Egypt now fields more than 1,100 modern tanks, over 300 advanced fighter jets, and a rapidly expanding navy.
By Hezy Laing
Egypt’s accelerating arms buildup has become one of the most consequential and least openly discussed developments in the region, and the scale of Cairo’s acquisitions increasingly raises questions that cannot be explained by domestic defense needs alone.
Egypt now fields more than 1,100 modern tanks, over 300 advanced fighter jets, and a rapidly expanding navy that includes two French‑built Mistral‑class helicopter carriers, German submarines, and a growing fleet of modern frigates.
These platforms are designed for high‑intensity, state‑on‑state warfare, not for counterinsurgency operations against militants in Sinai.

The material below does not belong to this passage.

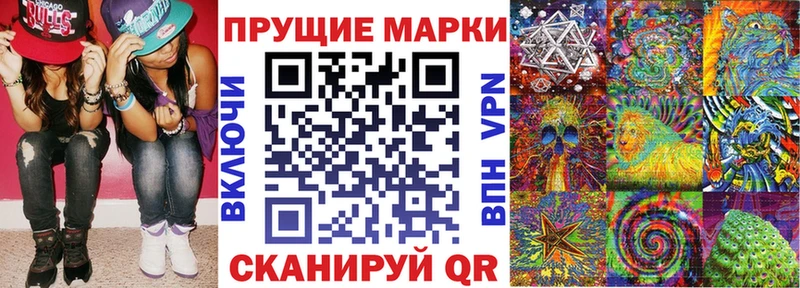 Наркотические марки 1500мкг  где найти   OMG tor  Верещагино 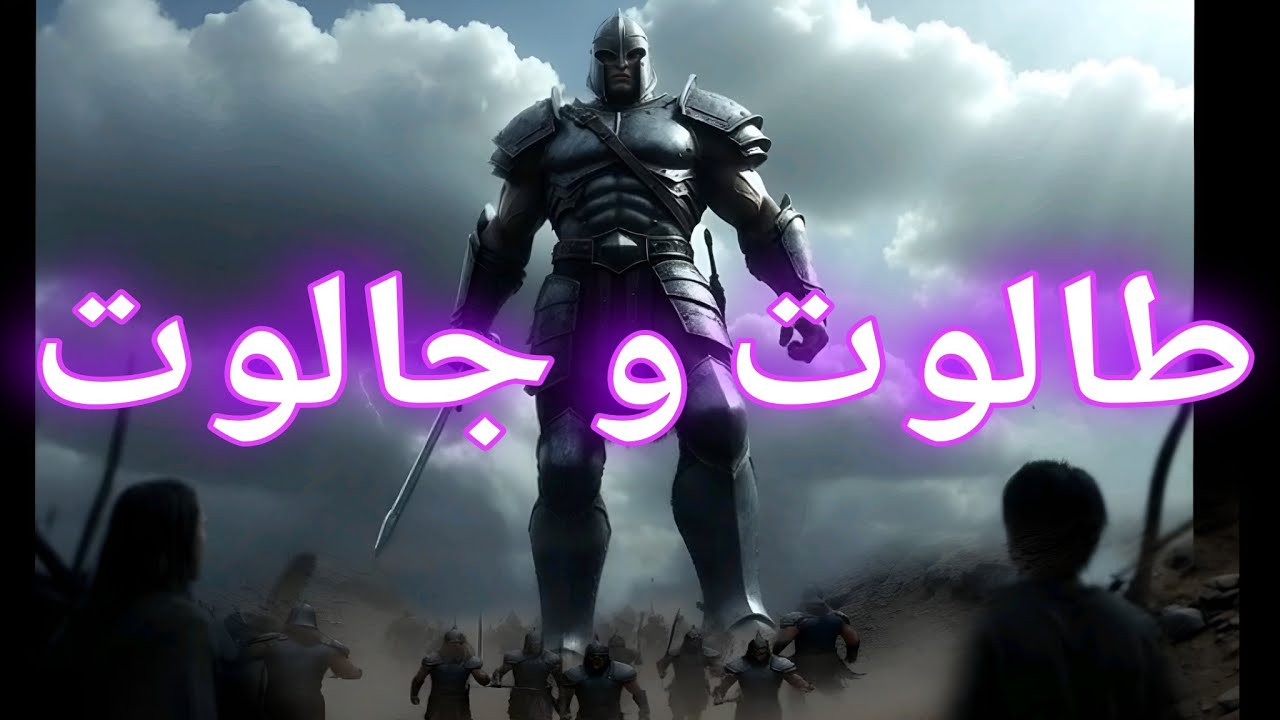 قصة طالوت وجالوت: حين هُزمت القوة أمام الصبر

Shai Feldman, one of Israel’s most respected security analysts, has warned that “Egypt’s procurement patterns make little sense if viewed through the lens of counterterrorism. They make far more sense if the goal is to restore a conventional deterrent vis‑à‑vis Israel.”
Feldman stresses that while the peace treaty remains intact, Israel cannot ignore the long‑term implications of Egypt’s rapidly modernizing force.

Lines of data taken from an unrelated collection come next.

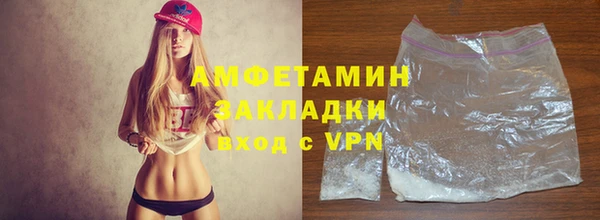 метадон Зеленокумск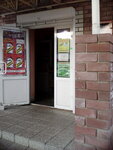 Magazin odezhdy (ulitsa Lenina, 163), clothing store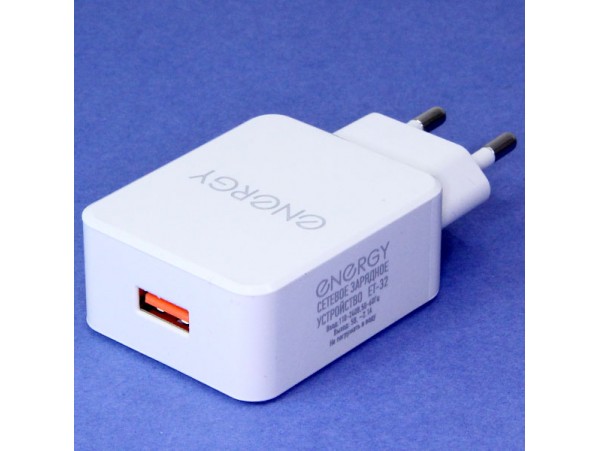 СЗУ USB 5V2,1A устройство зарядное белое  ET-32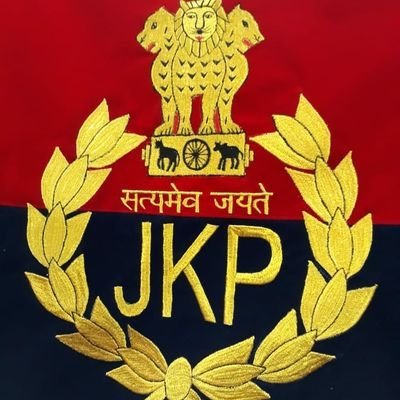 Doda police cyber crime unit recovers Rs 45,000 in online fraud case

Efraim Inbar, president of the Jerusalem Institute for Strategy and Security, argues that Egypt’s acquisitions are “far beyond what is required for internal stability or border defense. Heavy armor, long‑range strike aircraft, and naval power projection platforms are not counterterror tools. They are the building blocks of a regional military capable of confronting Israel.”
Inbar notes that Egypt’s purchases are funded largely by foreign aid and Gulf support, allowing Cairo to build a force structure that would otherwise be economically impossible.

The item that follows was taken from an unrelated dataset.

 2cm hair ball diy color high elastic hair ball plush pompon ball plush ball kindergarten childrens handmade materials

Former Israeli National Security Council official Eran Lerman adds that the danger lies not in Egypt’s intentions today but in the capabilities it is amassing for tomorrow.
“Governments can change overnight,” he explains, “but armies are built over decades. A future Egyptian leadership could inherit a military designed for a very different strategic purpose.”
Lerman warns that Israel’s long‑held qualitative military edge is under pressure as Egypt acquires advanced Western and Russian systems at a pace unmatched in the region.
The danger to Israel is not an imminent war but the creation of a military balance that could tempt a future Egyptian regime to challenge the status quo.
A heavily armed Egypt introduces a level of strategic uncertainty unseen since the 1970s, and for Israel, maintaining deterrence and readiness is essential to ensuring that peace remains a durable reality rather than a fragile assumption.